Ingredion (INGR) Proxy Filing summary
Event summary combining transcript, slides, and related documents.
Proxy Filing summary
1 Dec, 2025Executive summary
The annual meeting is scheduled for May 21, 2025, to be held virtually, with stockholders able to vote and submit questions online.
Key proposals include electing 11 directors, an advisory vote on executive compensation, and ratification of KPMG LLP as the external auditor.
Proxy materials are primarily distributed electronically, with options for paper copies upon request.
Only stockholders of record as of March 24, 2025, are eligible to vote.
Voting matters and shareholder proposals
Proposals: election of 11 directors for one-year terms, advisory approval of executive compensation, and ratification of KPMG LLP as auditor for 2025.
Board recommends voting in favor of all proposals.
Shareholders can submit proposals and director nominations for the 2026 meeting, following specified deadlines and procedures.
Board of directors and corporate governance
Board consists of 11 directors, 10 of whom are independent under NYSE standards.

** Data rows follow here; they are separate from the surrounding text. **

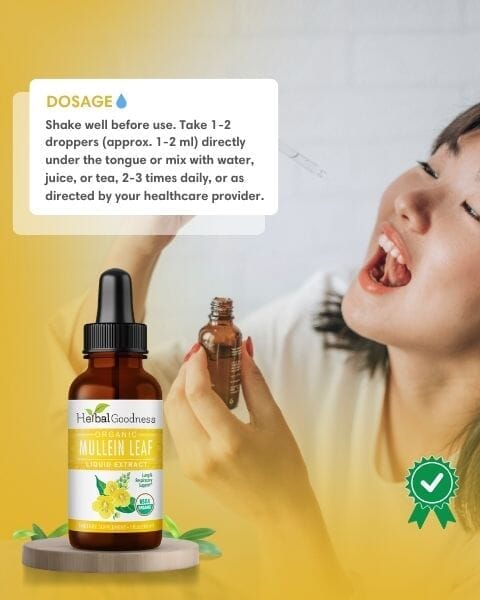 Mullein Leaf - Organic 15X Liquid Extract - Respiratory & Lung Health Liquid Extract Herbal Goodness 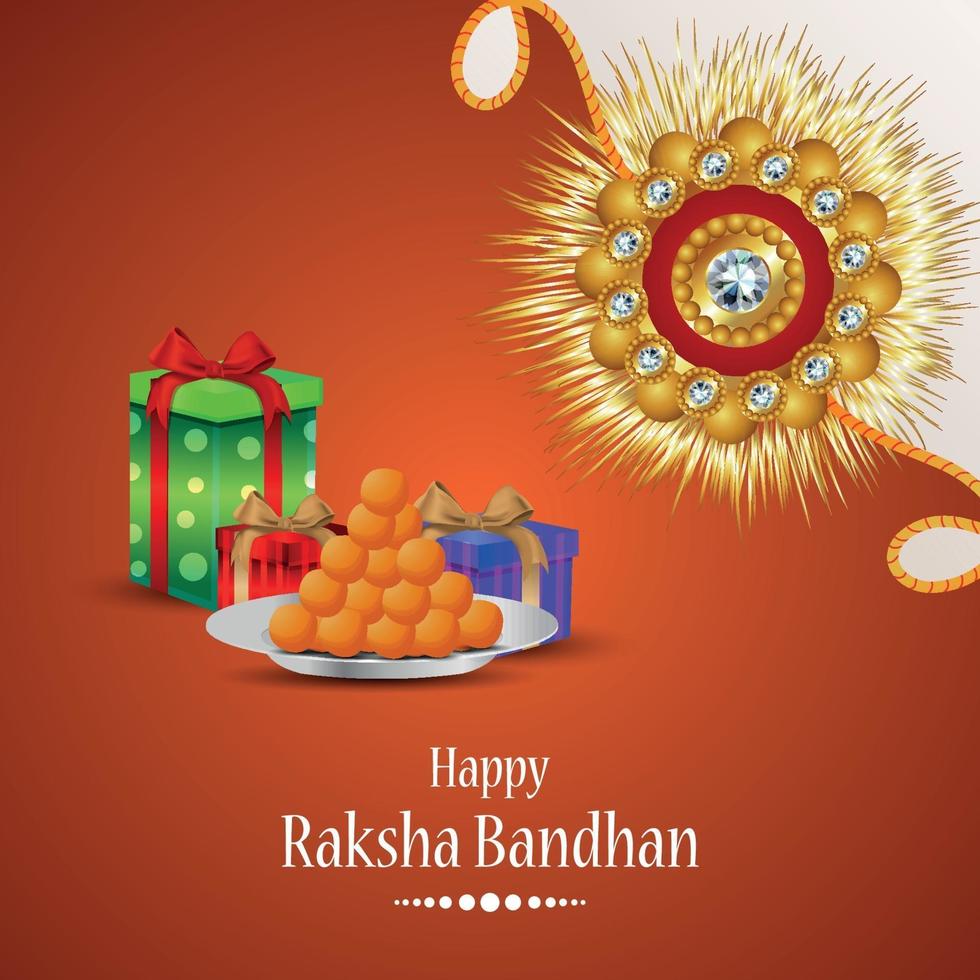 gelukkig raksha bandhan indian hindoe festival met creatieve kristallen rakhi en geschenken vector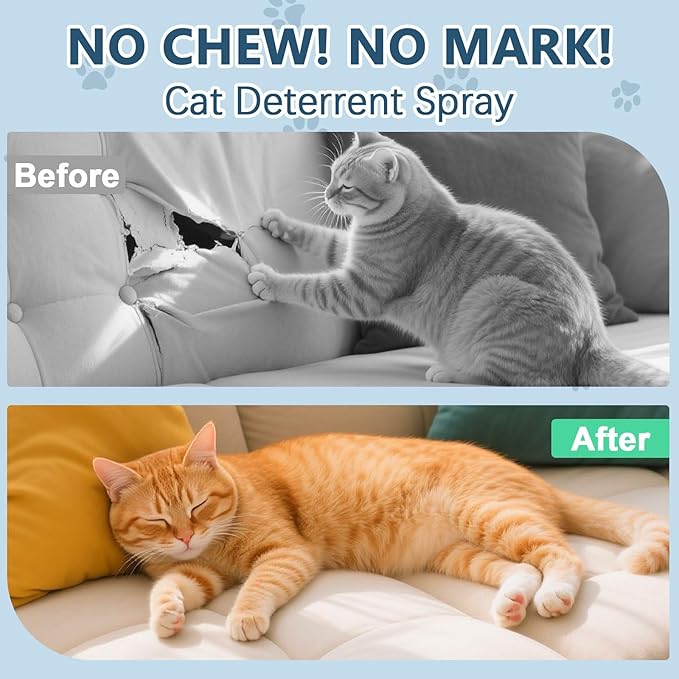 Cat Deterrent Spray, Botanical Cat Repellent Spray for Furniture, Gentle for Indoor & Outdoor Use, Helps Stop Urine Marking & Scratches, Effective Training Aid-CVW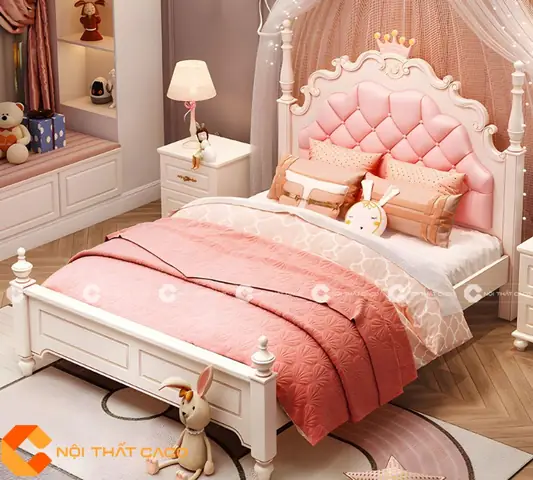 Giường Ngủ Màu Hồng Cho Bé Gái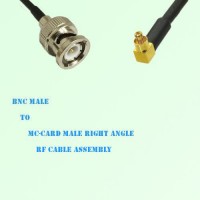 BNC Male to MC-Card Male Right Angle RF Cable Assembly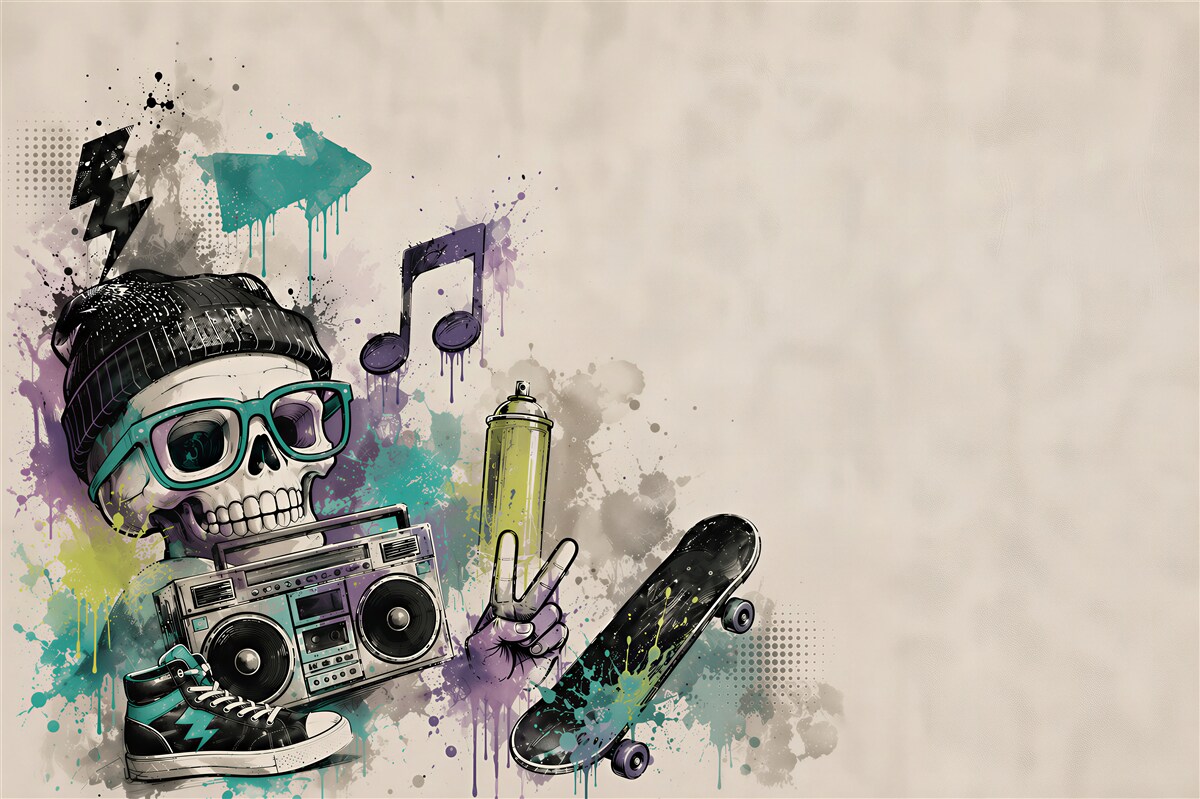 Fototapeta czaszka hipsterska z deskorolką i boomboxem street art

Board committees: Audit, People, Culture, and Compensation (PCC), and Corporate Governance and Nominating (CGN), all composed of independent directors.
Board held six meetings in 2024; all directors attended at least 75% of meetings.
No term limits, but mandatory retirement at 75 for non-employee directors.
Board diversity: four women, two ethnic minorities, and one director residing outside the U.S.
Directors must hold stock equal to five times the annual cash retainer within five years.